The Spectre
The Spectre
(pop culture)Within a year of Superman’s first appearance, DC Comics followed up with Batman and the Sandman. Soon after, among a flood of colorful crime fighters, Superman creator Jerry Siegel invented the first supernatural hero, the Spectre. Drawn by young artist Bernard Baily, Siegel’s first Spectre story was featured in More Fun Comics #52 in early 1940, and it is safe to say that young comics readers had never seen anything quite like it. The story opens with tough cop Jim Corrigan attending a party celebrating his engagement to socialite Clarice Winston. Following a tip-off, Corrigan rushes to a nearby race course where a bunch of local criminals, “Gat” Benson’s hoods, are attempting a robbery. Corrigan rounds them up single-handedly; but later an enraged Benson kidnaps Corrigan, shoves him into a concrete-filled barrel, and throws it (and Corrigan) into a river.
Naturally, this being a comic, death is hardly an impediment to a hero’s career, and so, at the gates of Eternity, the voice of God tells Corrigan that his work is not yet complete, and he is returned to earth, where he destroys the gang of crooks.

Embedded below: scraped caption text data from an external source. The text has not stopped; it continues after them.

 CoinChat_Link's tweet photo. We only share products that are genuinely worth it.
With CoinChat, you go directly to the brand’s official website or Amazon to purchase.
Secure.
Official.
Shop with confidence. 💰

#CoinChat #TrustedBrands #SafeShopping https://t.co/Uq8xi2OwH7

This new “avenging Spectre” has almost limitless powers, including a death stare (by which criminals are literally frightened to death), and the ability to read minds, heal wounds, grow to an immense size, and even travel back in time. Sensing, quite understandably, that he is not quite the same as other men, Corrigan breaks off his engagement to Winston and goes home to sew himself a green, hooded costume.
Over the next couple of years, the Spectre struck terror into the hearts of crooks everywhere and was in many ways a figure of horror himself. He was effectively God’s executioner, and whether it was a common hood or an exotic weirdo such as Zor, the Blue Flame, Xmon, or the Black Doom, he dispatched each foe with cold efficiency. Love interest Winston made regular appearances in order to give the Spectre someone to rescue, but the Spectre’s creators perhaps felt that their character was becoming too unsympathetic. After the character lost the cover slot on More Fun, Baily tried to humanize his hero by introducing a comedy sidekick, Percival Popp the Supercop, whose sole purpose was to get into trouble. The only outcome was a steady erosion of the Spectre’s unique appeal, and in 1945 the strip was canceled.

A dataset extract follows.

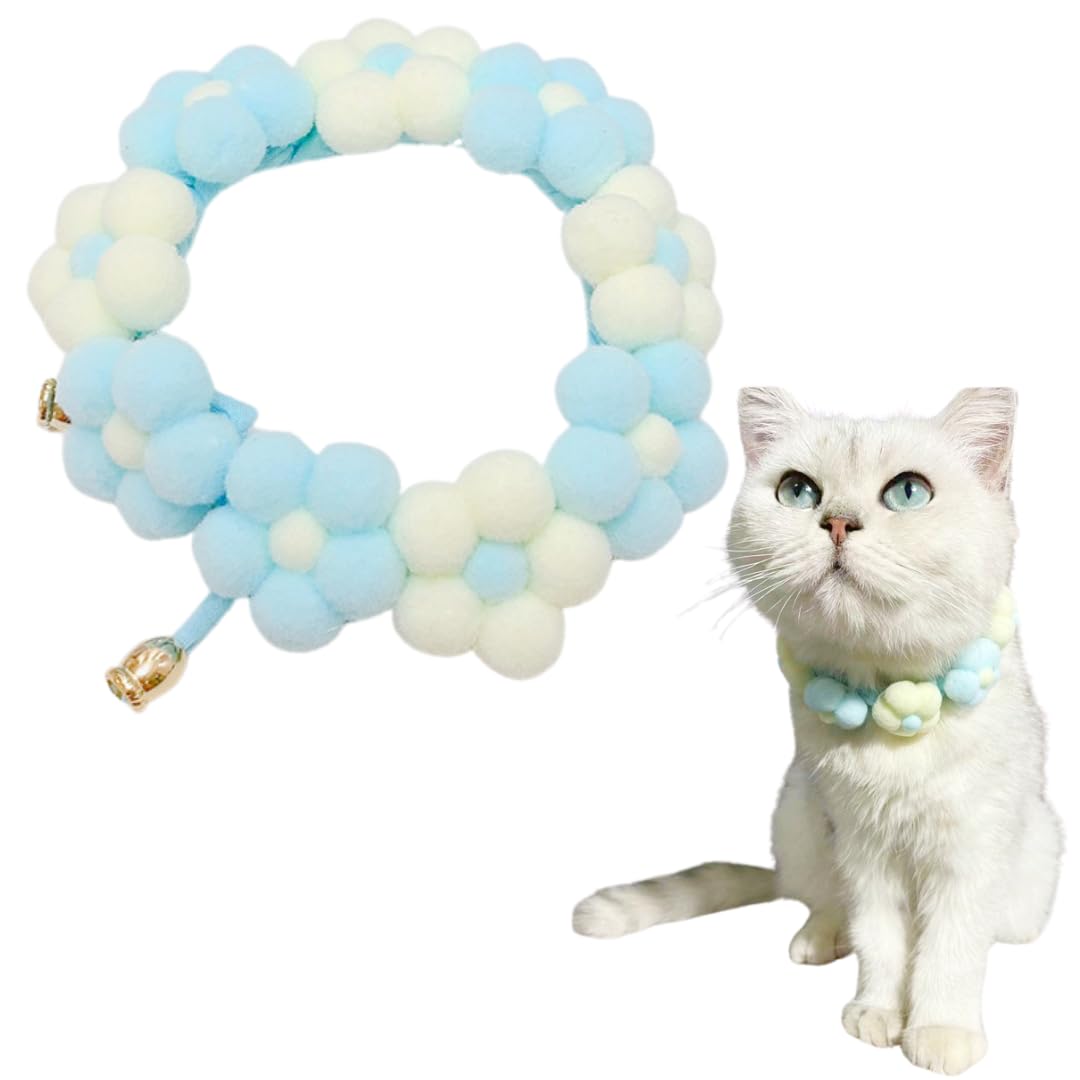 Amazon | I'm so happy 猫 首輪 シュシュ 花柄 可愛い リボン ふわふわ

For much of the early 1940s, the Spectre was also a regular member of the Justice Society, but while many group members were enjoying successful revivals in the 1960s, the Spectre was conspicuous by his absence. Following a campaign by fans, the Spectral Avenger was finally brought back by editor Julius Schwartz, writer Gardner Fox, and artist Murphy Anderson in three spectacular 1966 issues of Showcase comics, which soon led to a regular series. Wary of returning to the original incarnation’s rather bloodthirsty personality, the new strip played up the character’s mystical side, resulting in a series of rather cosmic, psychedelic adventures. However, this Spectre still lacked the sort of emotional depth that was making Marvel Comic’s superheroes so popular, and it was not until the horror-obsessed 1970s that the strip attained any real popularity.

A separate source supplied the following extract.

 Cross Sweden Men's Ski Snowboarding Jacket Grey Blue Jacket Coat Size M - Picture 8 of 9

Legend has it, that after editor Joe Orlando was mugged in New York, he envisioned a new Spectre who could wreak the vengeance that he felt so powerless to mete out. With inventive horror writer Michael Fleisher and artist Jim Aparo on board, the new Spectre debuted in the February 1974 issue of Adventure Comics #431, to a mixture of acclaim and disbelief. Fleisher had gone back to the Spectre’s avenging roots and relished dreaming up new and inventive ways of killing villains. These included turning a hood to wood and sawing him up, cutting someone in half with a colossal pair of scissors, skewering a cell of terrorists with giant protractors, and causing a crime lord to be devoured by a twenty-feet-tall duck! Jim Corrigan himself was now a chain-smoking police detective in the Dirty Harry vein, harder than hard and as cold as the grave. From the start, fan reaction was divided; some loved the hard-hitting stories, while others felt the strip was little more than an exercise in sadism. When DC’s executives heard of the fuss, they took a look at the comic and were so appalled that they canceled it on the spot, despite its encouraging sales. Fleisher and Aparo had their revenge years later, however, when the whole series was collected in a deluxe package, complete with the unprinted stories completed before the axe fell. Apparently, what was once shocking was now a classic.
Recent years have seen three more series, which have largely picked up where the 1970s series left off—with varying degrees of success. A lengthy 1990s run (The Spectre Vol. 3), written by John Ostrander and primarily drawn by Tom Mandrake, was particularly well received, and daringly even brought back Percival Popp, the Super Cop. Ostrander established that the Spectre was actually a fallen angel named Aztar, who now embodied the Wrath of God. Corrigan was the latest human soul to bond with the Spectre as his host. At the end of Ostrander’s run, Corrigan gave up being the Spectre and ascended to heaven.
Subsequently, the spirit Hal Jordan, the Silver Age Green Lantern, who had (temporarily) died, became the Spectre’s new human host. This version of the Spectre starred in The Spectre Vol. 4. Jordan, however, later returned to life and reassumed his role as Green Lantern. An African American policeman named Crispus Allen, who was killed by a corrupt policeman, then became the new human host of the Spectre.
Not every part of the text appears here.